# HEY GUYS LITTLE VID



## jackburton (Nov 25, 2003)

http://www.putfile.com/media.php?n=the-love-of-emily_0001

i hope every one likes it and i hope ive done it right..
i said i would get vid so here you go

plz comment


----------



## bmpower007 (Feb 11, 2005)

Thats a cool video kinda risky







also what kind of piranha is that Gold diamond?


----------



## killerbee (Aug 18, 2004)

badass, just be careful man. Its not worth losing a chunk of flesh for a video posted here.


----------



## Pyri (May 26, 2005)

Looks great!

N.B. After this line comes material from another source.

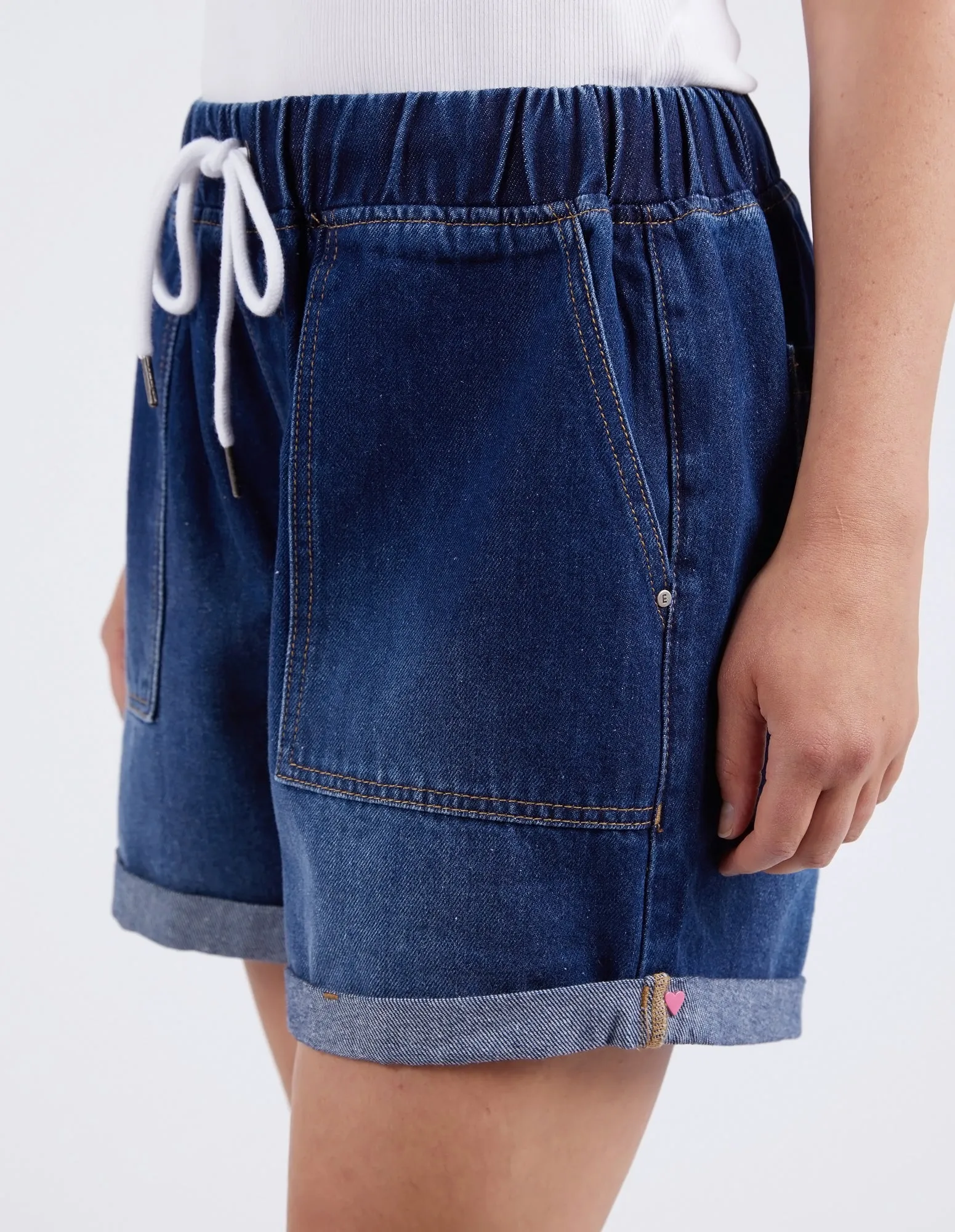 Emma Relaxed Denim Short Dark Blue Wash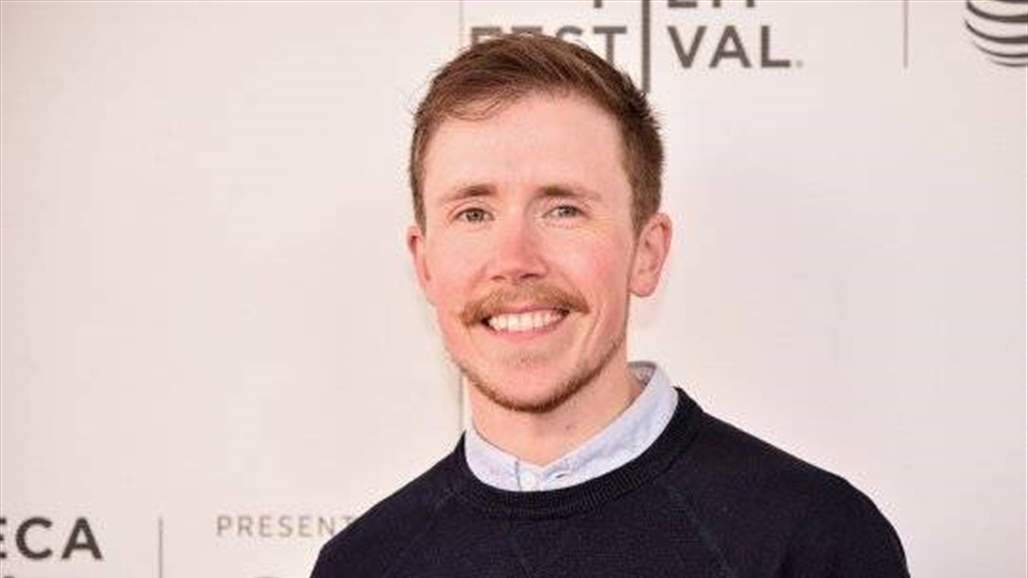 رجل يلد طفلا والقانون يعترف بأنه الوالدة... فهل يفقد هويته؟ (صور)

Watch your fingers


----------



## Ries (Mar 20, 2004)

thats cool!!!


----------



## dutchfrompredator (Sep 26, 2004)

that so rocks.







screw your fingers. you have ten for christ's sake!


----------



## BigChuckP (Feb 9, 2004)

Sweet vid and even sweeter looking serra!


----------



## Joga Bonito (Oct 30, 2004)

nice vid man


----------



## timmy (Mar 29, 2004)

Nice, vid. I started doing that with my caribe!


----------



## ITsPennywise (May 26, 2005)

Awesome video man.









Just watch out...because even I could barely tell the difference between that meat you were dangilin' and your fingers.


----------



## Dexter (Feb 27, 2005)

Verry cool. But you take a risk.


----------



## PuffPiff (May 23, 2005)

nice vid but watch those digits


----------



## Fomoris (Mar 13, 2005)

Very nice quality vid... And very nice spilo too


----------



## jackburton (Nov 25, 2003)

thanks for all the great comments i love this fish so much golds spilos r amazing

anyone ealse do this or have footage of it or is it rare to see 
?


----------



## lightning2004 (Jun 25, 2005)

nice fish man..


----------



## pyrokingbrand (Nov 30, 2004)

excellent vid dude! what were you feeding?


----------



## mashunter18 (Jan 2, 2004)

Looks great buddy..............


----------